Reeder semble aussi s’intéresser à ces vieux films de drogués des années 70, ces pellicules étranges comme The Trip avec Peter Fonda, du coup il tourne le tout en Super 16, ce qui donne un cachet indéniable au métrage (même les effets sont kitschs, avec des superpositions par transparence). Pas d’effets crades sur l’image, nous ne sommes pas chez le mauvais goût Made in Tarantino/Rodriguez.
Puis ce côté vintage est appuyé par ce décor rural un peu plouc façon Winter’s Bone, avec ses vieilles guimbardes qui tussent du 15 lites au 100, en plus de ses personnages saugrenus qui sont totalement perchés et font n’importe quoi tout en jouant de la guitare. Reeder ne se limite pas à multiplier les visuels qui renouvellent toujours la bizarrerie, il travaille le son avec une minutie presque lilliputienne, faisant grimper les chuchotements et bruits curieux avant de littéralement nous assourdir avec hurlements ou bruits stridents.
Reeder a, en plus de son talent indéniable à multiplier les excentricités, une actrice qui visiblement a compris où elle a foutu les pieds et porte son rôle avec une aisance qui lui semble inée.

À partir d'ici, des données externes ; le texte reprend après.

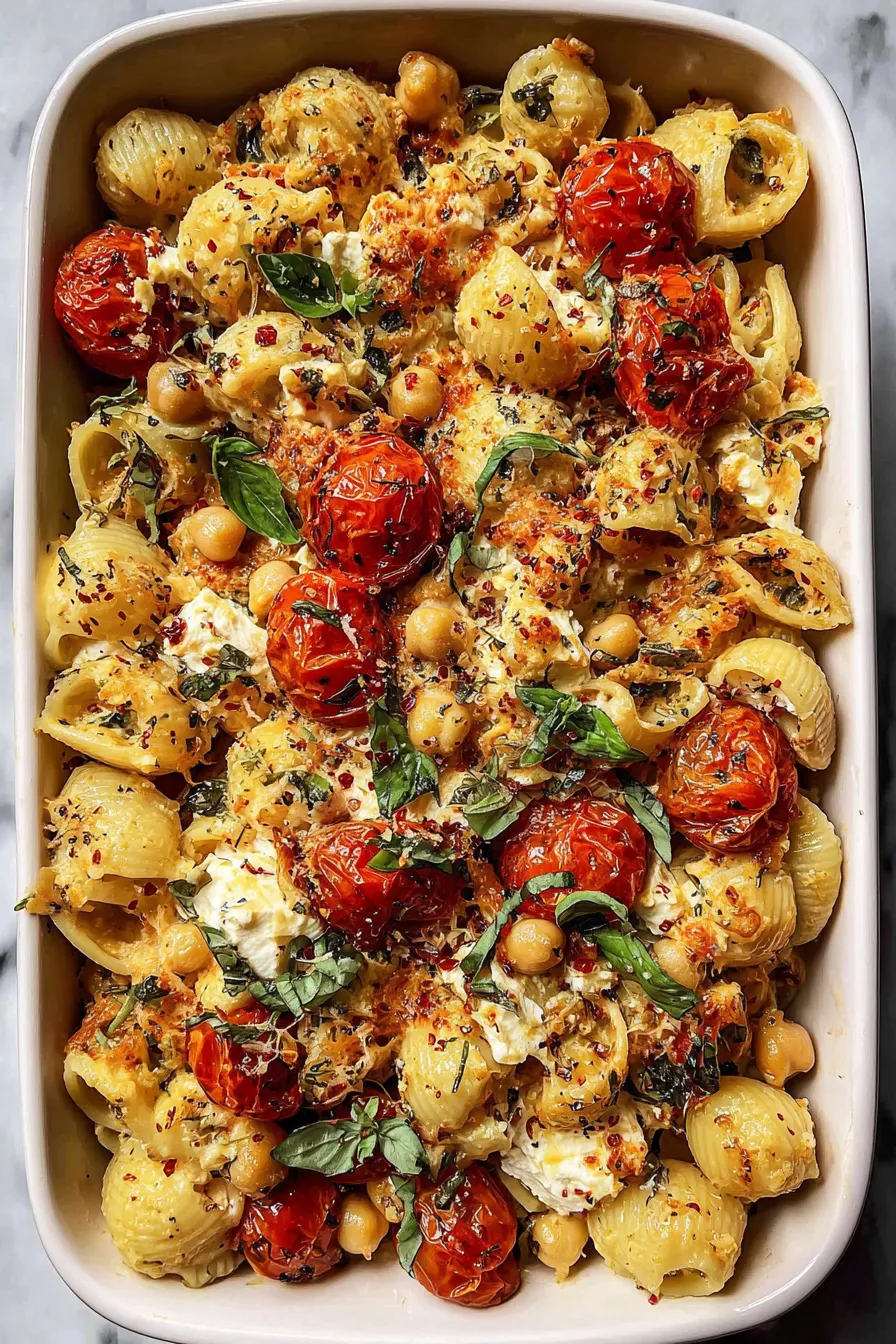 Finished baked feta pasta tossed with basil in a serving bowl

The Oregonian ne trompe pas sur la marchandise, et la protagoniste le confirme au bout de la dixième minute en lâchant un « i’m losing my mind ». Evidemment, le public sera automatiquement divisé en deux groupes distincts, car c’est un genre avec lequel on ne transige pas. Si en revanche le style poisseux et les visions ubuesques vous attirent, foncez, car The Oregonian c’est une leçon constante de cinéma, même si bien-sûr, tout cela n’a rien à dire et sera ouvert à toutes interprétations, qui évidemment seront différentes d’un spectateur à l’autre.